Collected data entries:
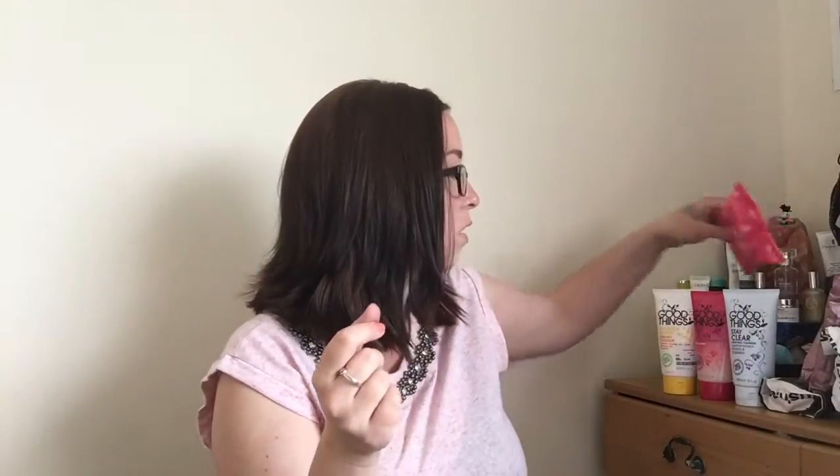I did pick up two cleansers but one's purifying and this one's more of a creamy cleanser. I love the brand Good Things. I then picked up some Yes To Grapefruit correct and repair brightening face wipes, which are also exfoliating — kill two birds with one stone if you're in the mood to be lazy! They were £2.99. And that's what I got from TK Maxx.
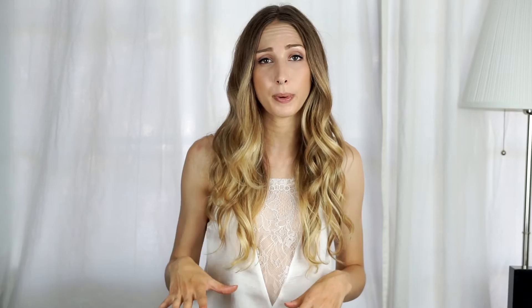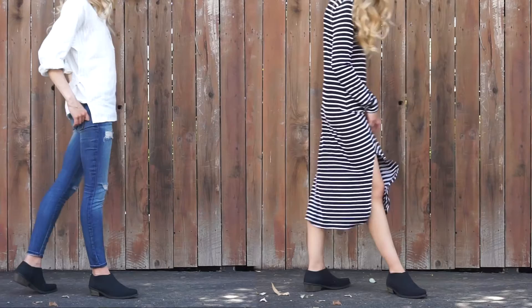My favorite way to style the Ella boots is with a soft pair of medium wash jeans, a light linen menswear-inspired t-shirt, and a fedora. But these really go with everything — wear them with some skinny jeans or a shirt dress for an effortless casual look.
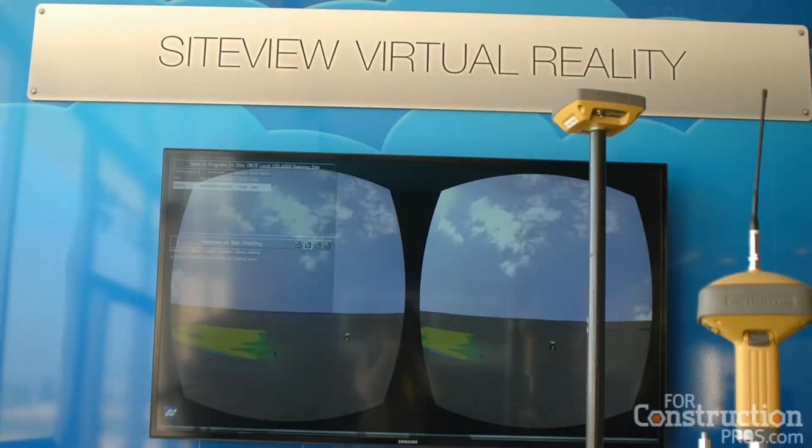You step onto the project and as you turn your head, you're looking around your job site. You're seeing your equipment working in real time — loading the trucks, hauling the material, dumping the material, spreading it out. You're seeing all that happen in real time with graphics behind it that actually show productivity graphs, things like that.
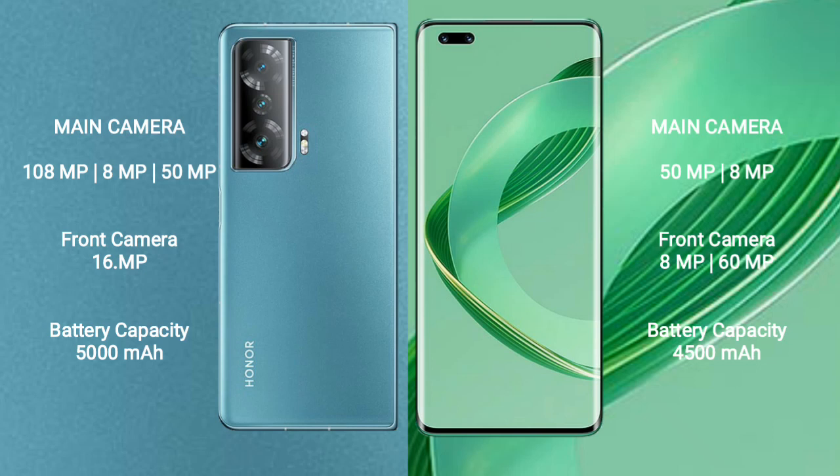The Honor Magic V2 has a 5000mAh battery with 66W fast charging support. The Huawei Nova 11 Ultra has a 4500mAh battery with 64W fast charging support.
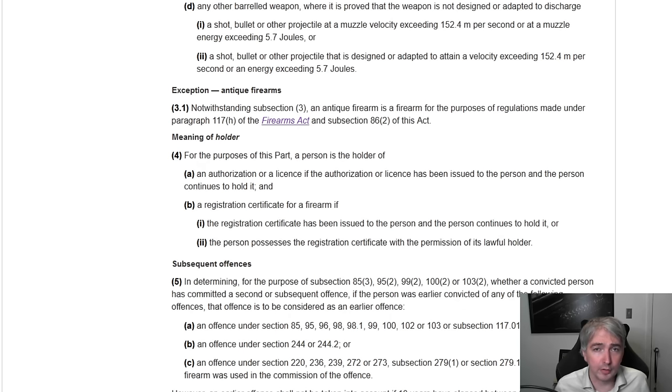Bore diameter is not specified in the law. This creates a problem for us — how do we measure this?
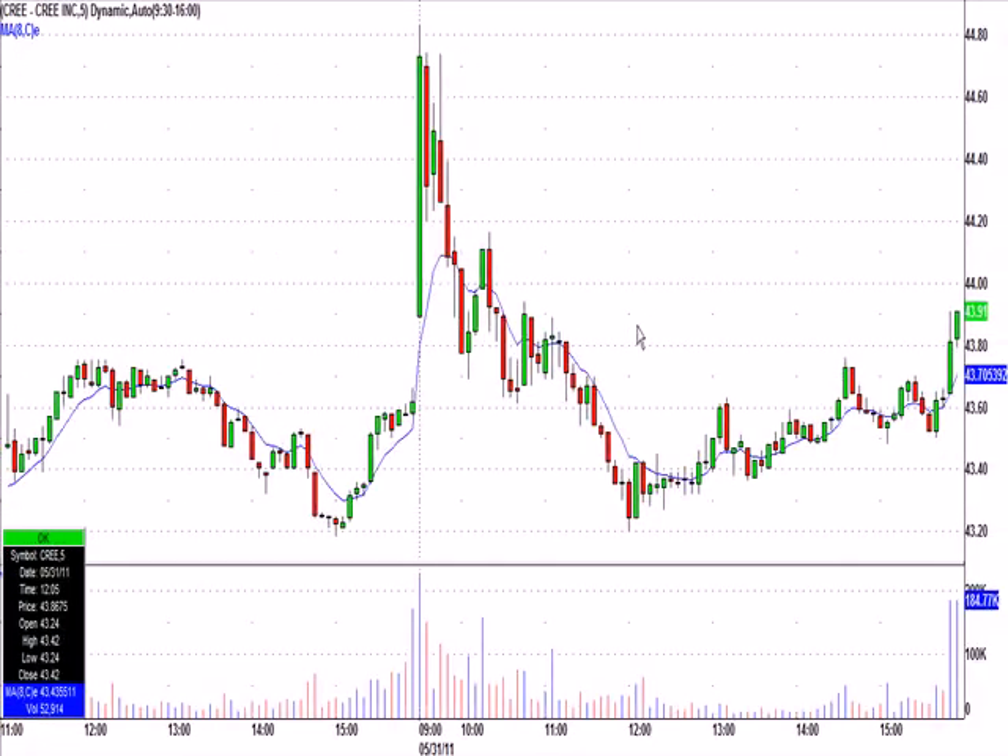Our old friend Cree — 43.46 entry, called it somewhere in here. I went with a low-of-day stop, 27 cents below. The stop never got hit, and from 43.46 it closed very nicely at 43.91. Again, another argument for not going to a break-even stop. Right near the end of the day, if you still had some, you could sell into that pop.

### What is being asked
Transcribe the records above exactly, leaving out every picture.

### Completed exercise
I did pick up two cleansers but one's purifying and this one's more of a creamy cleanser. I love the brand Good Things. I then picked up some Yes To Grapefruit correct and repair brightening face wipes, which are also exfoliating — kill two birds with one stone if you're in the mood to be lazy! They were £2.99. And that's what I got from TK Maxx.
My favorite way to style the Ella boots is with a soft pair of medium wash jeans, a light linen menswear-inspired t-shirt, and a fedora. But these really go with everything — wear them with some skinny jeans or a shirt dress for an effortless casual look.
You step onto the project and as you turn your head, you're looking around your job site. You're seeing your equipment working in real time — loading the trucks, hauling the material, dumping the material, spreading it out. You're seeing all that happen in real time with graphics behind it that actually show productivity graphs, things like that.
The Honor Magic V2 has a 5000mAh battery with 66W fast charging support. The Huawei Nova 11 Ultra has a 4500mAh battery with 64W fast charging support.
Bore diameter is not specified in the law. This creates a problem for us — how do we measure this?
Our old friend Cree — 43.46 entry, called it somewhere in here. I went with a low-of-day stop, 27 cents below. The stop never got hit, and from 43.46 it closed very nicely at 43.91. Again, another argument for not going to a break-even stop. Right near the end of the day, if you still had some, you could sell into that pop.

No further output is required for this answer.